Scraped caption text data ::
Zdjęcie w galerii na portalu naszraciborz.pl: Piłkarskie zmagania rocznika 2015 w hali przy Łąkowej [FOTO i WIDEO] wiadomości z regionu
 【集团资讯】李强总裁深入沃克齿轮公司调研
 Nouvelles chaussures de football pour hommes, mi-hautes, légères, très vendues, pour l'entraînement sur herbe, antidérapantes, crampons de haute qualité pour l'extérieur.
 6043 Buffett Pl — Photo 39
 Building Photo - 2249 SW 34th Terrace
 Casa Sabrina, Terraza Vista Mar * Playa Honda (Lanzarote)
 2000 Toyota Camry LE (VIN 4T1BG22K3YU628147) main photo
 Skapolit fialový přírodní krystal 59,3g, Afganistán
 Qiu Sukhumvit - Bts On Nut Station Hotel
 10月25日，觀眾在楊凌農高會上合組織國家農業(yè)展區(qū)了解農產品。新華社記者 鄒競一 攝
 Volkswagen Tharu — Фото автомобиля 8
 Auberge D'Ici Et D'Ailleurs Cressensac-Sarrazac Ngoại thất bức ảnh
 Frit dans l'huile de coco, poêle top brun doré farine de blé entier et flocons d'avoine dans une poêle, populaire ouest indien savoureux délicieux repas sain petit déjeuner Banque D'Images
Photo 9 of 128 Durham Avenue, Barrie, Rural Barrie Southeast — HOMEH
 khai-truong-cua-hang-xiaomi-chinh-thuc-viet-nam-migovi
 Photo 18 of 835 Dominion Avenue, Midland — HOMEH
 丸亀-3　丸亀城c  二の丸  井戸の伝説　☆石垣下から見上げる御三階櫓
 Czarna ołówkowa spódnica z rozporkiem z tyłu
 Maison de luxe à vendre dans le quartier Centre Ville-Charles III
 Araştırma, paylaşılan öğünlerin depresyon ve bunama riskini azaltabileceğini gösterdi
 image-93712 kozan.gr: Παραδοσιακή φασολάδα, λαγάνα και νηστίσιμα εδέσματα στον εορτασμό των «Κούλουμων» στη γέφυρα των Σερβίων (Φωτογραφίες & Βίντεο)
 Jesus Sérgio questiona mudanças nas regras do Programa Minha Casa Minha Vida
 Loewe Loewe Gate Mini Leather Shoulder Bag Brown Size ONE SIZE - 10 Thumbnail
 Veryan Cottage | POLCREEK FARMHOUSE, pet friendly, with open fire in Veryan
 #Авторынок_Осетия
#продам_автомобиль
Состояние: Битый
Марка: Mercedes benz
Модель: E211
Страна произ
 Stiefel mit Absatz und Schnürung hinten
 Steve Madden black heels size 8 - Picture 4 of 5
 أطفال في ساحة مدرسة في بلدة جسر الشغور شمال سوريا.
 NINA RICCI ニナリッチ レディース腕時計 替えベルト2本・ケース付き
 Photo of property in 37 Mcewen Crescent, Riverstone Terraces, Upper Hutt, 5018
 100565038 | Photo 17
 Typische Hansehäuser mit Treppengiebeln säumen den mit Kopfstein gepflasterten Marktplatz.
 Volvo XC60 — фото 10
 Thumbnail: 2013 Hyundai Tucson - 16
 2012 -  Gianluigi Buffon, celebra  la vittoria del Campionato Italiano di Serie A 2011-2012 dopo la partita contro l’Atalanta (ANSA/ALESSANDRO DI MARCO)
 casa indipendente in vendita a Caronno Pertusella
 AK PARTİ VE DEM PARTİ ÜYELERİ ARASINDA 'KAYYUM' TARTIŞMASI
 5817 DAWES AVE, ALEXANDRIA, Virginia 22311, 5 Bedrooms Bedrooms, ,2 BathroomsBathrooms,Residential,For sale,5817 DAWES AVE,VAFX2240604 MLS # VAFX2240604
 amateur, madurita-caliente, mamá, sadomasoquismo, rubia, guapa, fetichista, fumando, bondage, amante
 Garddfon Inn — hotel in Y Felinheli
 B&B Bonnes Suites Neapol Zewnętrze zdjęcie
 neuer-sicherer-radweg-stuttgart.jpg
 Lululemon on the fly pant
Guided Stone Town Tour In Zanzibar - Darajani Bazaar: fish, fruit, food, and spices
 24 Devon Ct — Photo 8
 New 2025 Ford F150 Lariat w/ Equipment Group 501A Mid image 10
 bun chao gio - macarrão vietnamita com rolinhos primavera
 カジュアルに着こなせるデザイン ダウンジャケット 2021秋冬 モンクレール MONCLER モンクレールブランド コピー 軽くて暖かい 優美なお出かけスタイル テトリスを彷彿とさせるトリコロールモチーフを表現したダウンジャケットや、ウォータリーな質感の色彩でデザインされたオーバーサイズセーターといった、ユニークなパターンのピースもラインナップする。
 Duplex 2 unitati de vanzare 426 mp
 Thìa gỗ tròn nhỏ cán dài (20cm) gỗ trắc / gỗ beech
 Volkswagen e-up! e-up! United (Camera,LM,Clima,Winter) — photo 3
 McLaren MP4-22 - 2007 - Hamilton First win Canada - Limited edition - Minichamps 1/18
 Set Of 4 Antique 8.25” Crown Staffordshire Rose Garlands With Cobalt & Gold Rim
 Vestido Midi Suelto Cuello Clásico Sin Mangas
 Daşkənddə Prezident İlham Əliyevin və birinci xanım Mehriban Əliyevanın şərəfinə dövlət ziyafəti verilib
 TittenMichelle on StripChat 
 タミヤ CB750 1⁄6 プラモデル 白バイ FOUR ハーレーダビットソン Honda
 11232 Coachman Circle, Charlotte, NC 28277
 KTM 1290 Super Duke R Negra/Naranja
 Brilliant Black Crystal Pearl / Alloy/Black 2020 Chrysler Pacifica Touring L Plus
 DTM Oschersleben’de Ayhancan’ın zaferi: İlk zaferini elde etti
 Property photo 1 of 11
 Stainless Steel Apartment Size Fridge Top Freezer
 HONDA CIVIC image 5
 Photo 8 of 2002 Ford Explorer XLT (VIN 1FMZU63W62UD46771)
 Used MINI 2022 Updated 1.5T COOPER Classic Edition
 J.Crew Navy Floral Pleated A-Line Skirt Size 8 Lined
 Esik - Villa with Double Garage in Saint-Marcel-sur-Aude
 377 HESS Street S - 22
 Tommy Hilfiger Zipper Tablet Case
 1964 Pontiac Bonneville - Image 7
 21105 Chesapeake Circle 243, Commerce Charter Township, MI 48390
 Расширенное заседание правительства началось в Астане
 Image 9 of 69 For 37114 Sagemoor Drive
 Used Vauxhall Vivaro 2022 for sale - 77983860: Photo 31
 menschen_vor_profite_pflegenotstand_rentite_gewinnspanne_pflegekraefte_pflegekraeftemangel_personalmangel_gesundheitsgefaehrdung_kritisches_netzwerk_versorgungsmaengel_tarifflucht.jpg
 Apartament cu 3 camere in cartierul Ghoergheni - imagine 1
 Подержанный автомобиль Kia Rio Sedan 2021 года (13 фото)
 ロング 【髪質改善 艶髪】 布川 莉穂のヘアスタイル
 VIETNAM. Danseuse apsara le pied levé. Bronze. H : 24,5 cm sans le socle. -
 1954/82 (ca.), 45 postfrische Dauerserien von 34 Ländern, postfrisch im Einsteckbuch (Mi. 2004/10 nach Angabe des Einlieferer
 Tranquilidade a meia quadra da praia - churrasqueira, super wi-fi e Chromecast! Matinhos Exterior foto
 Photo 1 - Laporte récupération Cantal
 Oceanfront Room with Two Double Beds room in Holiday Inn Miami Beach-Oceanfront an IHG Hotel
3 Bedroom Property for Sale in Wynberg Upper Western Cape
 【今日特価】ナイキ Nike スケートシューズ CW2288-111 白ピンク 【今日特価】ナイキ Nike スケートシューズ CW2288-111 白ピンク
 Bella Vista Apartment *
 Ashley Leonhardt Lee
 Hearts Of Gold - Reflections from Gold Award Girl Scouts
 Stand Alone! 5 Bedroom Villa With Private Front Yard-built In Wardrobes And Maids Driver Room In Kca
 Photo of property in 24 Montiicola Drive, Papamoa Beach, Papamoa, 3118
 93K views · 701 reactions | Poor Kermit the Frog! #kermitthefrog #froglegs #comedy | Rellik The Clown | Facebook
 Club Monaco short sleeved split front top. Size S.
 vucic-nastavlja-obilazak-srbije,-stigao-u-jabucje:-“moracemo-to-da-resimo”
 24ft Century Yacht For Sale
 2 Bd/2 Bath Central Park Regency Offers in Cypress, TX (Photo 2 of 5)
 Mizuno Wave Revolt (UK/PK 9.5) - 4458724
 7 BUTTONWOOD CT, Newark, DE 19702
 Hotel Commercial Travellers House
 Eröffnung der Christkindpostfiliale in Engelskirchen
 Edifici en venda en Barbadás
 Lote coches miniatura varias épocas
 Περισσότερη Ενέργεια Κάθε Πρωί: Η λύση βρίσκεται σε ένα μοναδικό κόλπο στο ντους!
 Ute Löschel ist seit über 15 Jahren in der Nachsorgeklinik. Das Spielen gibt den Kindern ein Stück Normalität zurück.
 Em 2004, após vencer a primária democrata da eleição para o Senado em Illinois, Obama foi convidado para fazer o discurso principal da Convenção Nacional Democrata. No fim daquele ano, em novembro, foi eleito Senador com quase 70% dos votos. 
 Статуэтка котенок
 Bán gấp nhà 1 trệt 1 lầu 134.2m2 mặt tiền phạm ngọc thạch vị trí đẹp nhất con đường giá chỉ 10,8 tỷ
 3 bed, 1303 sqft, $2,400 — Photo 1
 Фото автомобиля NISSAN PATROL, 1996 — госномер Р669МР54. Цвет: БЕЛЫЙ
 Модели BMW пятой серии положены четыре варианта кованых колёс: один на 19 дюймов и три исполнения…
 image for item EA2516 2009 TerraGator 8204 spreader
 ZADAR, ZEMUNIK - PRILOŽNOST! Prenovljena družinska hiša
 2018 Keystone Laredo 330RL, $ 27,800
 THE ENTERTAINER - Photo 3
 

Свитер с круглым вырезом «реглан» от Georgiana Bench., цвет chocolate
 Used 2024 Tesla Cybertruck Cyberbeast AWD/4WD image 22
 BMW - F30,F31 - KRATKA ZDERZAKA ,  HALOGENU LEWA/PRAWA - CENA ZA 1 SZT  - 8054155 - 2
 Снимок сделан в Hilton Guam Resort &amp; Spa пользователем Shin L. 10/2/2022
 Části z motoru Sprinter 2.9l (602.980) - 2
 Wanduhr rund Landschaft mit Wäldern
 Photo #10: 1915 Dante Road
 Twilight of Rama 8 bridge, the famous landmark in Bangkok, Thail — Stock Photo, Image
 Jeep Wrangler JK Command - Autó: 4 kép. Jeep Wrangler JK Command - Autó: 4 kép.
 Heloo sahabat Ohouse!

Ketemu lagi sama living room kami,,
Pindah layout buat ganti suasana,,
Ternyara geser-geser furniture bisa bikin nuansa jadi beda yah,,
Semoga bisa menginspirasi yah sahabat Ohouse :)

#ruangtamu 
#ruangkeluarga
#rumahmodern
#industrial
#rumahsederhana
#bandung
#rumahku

What you have to do :: Go over the data above and copy every line that has the word "Gold" in it.

Exercise answer ::
 Set Of 4 Antique 8.25” Crown Staffordshire Rose Garlands With Cobalt & Gold Rim
 Hearts Of Gold - Reflections from Gold Award Girl Scouts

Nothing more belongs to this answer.